* **The data**:
....................
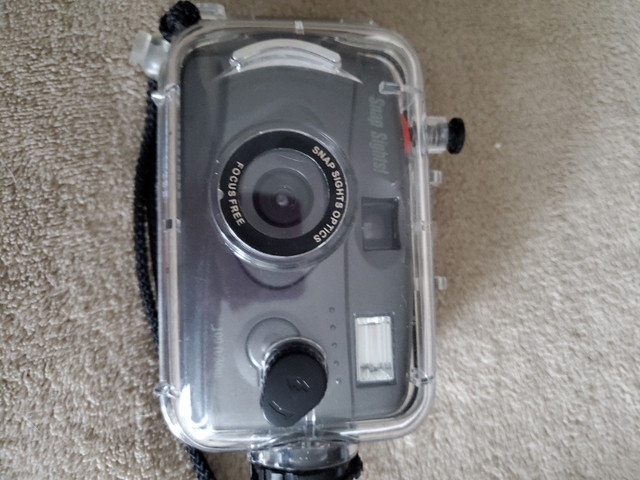 Snap Sights Underwater Camera with Case. in Cameras & Camcorders in Leamington - Image 3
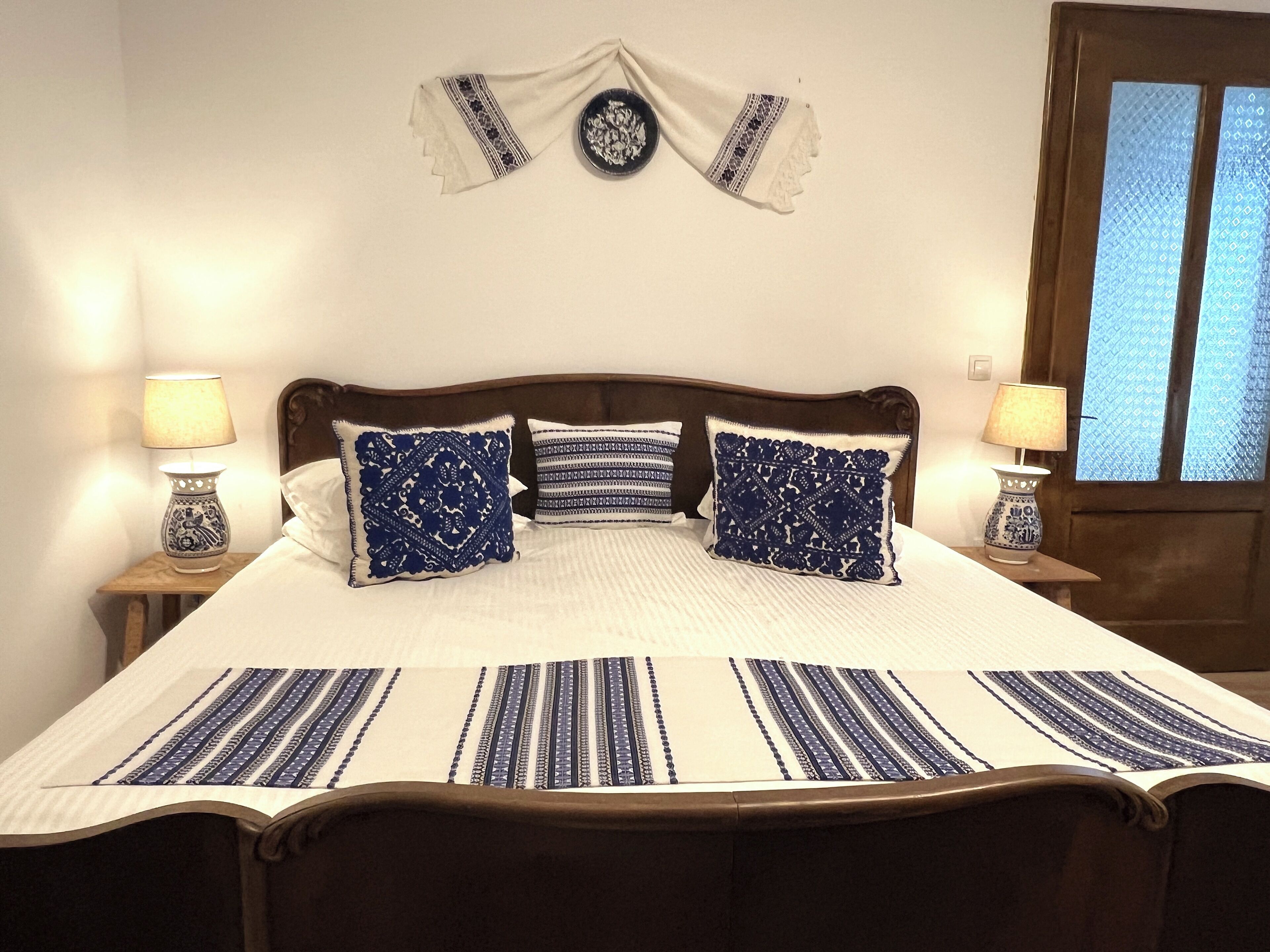 5 makuuhuonetta, silitysrauta/-lauta, ilmainen Wi-Fi, vuodevaatteet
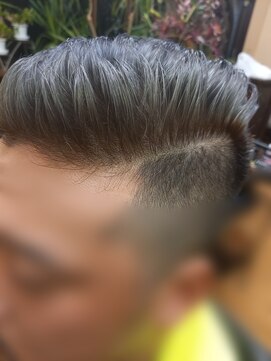男&女のヘアーサロンF ツーブロックスタイル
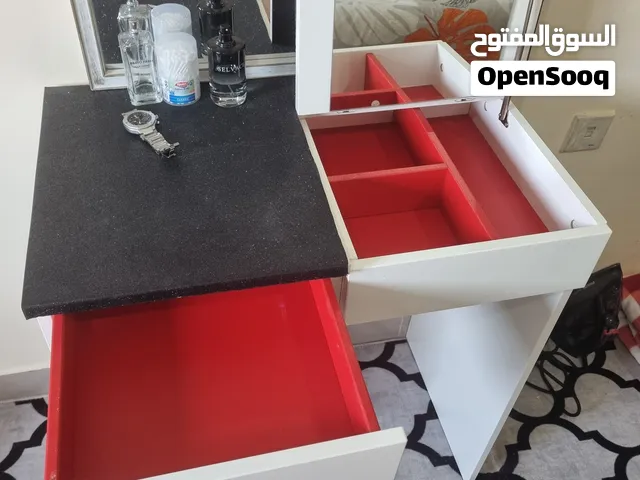 تسريحه مكياج مع مرايا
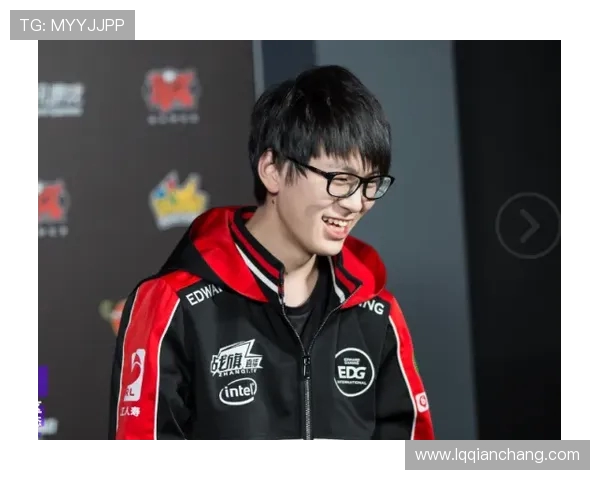 探秘EDG战术运营体系在英雄联盟中的成功之道与实战应用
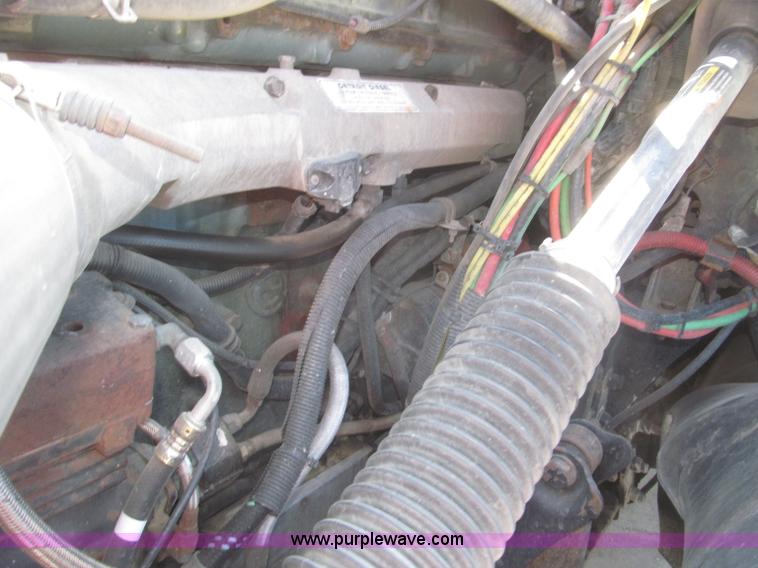 image for item F7260 2001 Freightliner Century Class ST120 semi truck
....................
* **Action item**: Each line from the one holding "تسريحه مكياج مع مرايا" down to the end of the records is to be reproduced unaltered, and the pictures are to be omitted.

* **Answer section**:
 تسريحه مكياج مع مرايا
 探秘EDG战术运营体系在英雄联盟中的成功之道与实战应用
 image for item F7260 2001 Freightliner Century Class ST120 semi truck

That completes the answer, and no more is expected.